Liberalizing land markets is not sufficient to assist the landless and smallholders gain access to land. To help them, several countries have initiated land banks (bancos hipocaterios, Fondo de Tierras in Guatemala) where the government accumulates land from the public domain, by legal confiscation of illegally appropriated lands (e.g., by recognized druglords in Colombia), state purchases of lands on the open market using public funds and by contracting special loans from international lending institutions, use of lands donated to the program by foreign governments and organizations, and expropriation in cases permitted by the Constitution. In other instances, land transactions between large and small farmers have been managed by NGOs. This is the case of the Penny Foundation and the Fondo Ecuatoriano Populorum Progressio in Ecuador (Navarro, Vallejo, and Villaverde, 1996). In all cases, the determinants of success of these schemes are (i) the price at which land can be acquired from large farmers and (ii) the cost of long term credit for buyers. The first is tricky when there are capital market distortions and public goods biases favoring large farmers and if land reform interventions in the land market put upward on the price of land. The second is usually costly given the high interest rates that currently prevail in Latin America, requiring an element of donation to beneficiaries. Land market-based land reforms are for this reason still in an experimental phase that will need close monitoring to establish conditions for success.

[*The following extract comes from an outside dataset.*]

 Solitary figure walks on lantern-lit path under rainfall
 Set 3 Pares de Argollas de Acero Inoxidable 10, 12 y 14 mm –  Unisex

Land rental markets have in general been badly suppressed under the Latin American land reform initiatives as they were considered exploitative of peasant households, particularly sharecropping and rent in labor services arrangements that were once widespread throughout the continent. The new institutional economics has contributed to restoring at least the efficiency value of these contracts in a context of market failures. Sharecropping is a risk sharing device that may induce greater efficiency in resource use when insurance markets fail and both landlord and tenant are risk averse. When other markets such as for labor supervision and farm management also fail, sharecropping may be superior in efficiency to both wage labor contracts and fixed land rental contracts (Eswaran and Kotwal, 1985). Land rentals transactions may go from peasants to agroindustries, as in Peru and Mexico, when the latter have superior access to markets, and working adults in these peasant households may find themselves hired as wage workers on their own farms, cashing both a wage and a rent. When there is an inverse relation between total factor productivity and farm size due to the ability of smallholders to overcome moral hazards in labor efforts, it is in the best interest of large landholders to break their farms into small tenures, a practice that is typical of Asian agrarian relations. And for young tenants, when capital markets fail to deliver access to long term credit, future access to land may be achieved through an "agricultural ladder" where capital accumulation under rental arrangements eventually allows the subsequent purchase of land. Land rental contracts are thus locally efficient (i.e., from the standpoint of the landlord), even though equity implications depend on the relative bargaining power of the two parties. From a policy standpoint, making land rental markets more competitive and increasing the bargaining power of tenants are effective ways of reconciling the efficiency and equity gains that such markets can offer.